(Work required): Starting at the top line, print the entries below exactly as they are and skip every picture.

(Stored data):
[Start of Attachment]

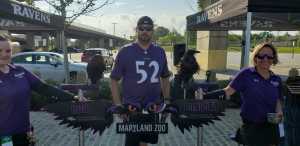 Brendan attended Baltimore Ravens vs. Jacksonville Jaguars - NFL on Aug 8th 2019 via VetTix 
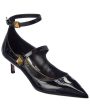 Valentino Roman Stud 50 Patent Pump Online Hot Sale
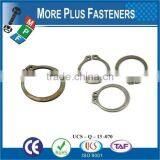 Made in Taiwan Stainless Steel 1-3/16" External Retaining Ring thumbnail-4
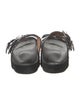 Isabel Marant Leather Studded Accents Slides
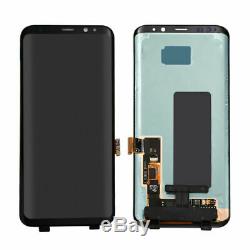 Écran LCD Noir Pour Samsung Galaxy S8 Display Touch Screen Digitizer Assembly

[End of Attachment]

(Output for this task):
 Brendan attended Baltimore Ravens vs. Jacksonville Jaguars - NFL on Aug 8th 2019 via VetTix 
 Valentino Roman Stud 50 Patent Pump Online Hot Sale
 Made in Taiwan Stainless Steel 1-3/16" External Retaining Ring thumbnail-4
 Isabel Marant Leather Studded Accents Slides
 Écran LCD Noir Pour Samsung Galaxy S8 Display Touch Screen Digitizer Assembly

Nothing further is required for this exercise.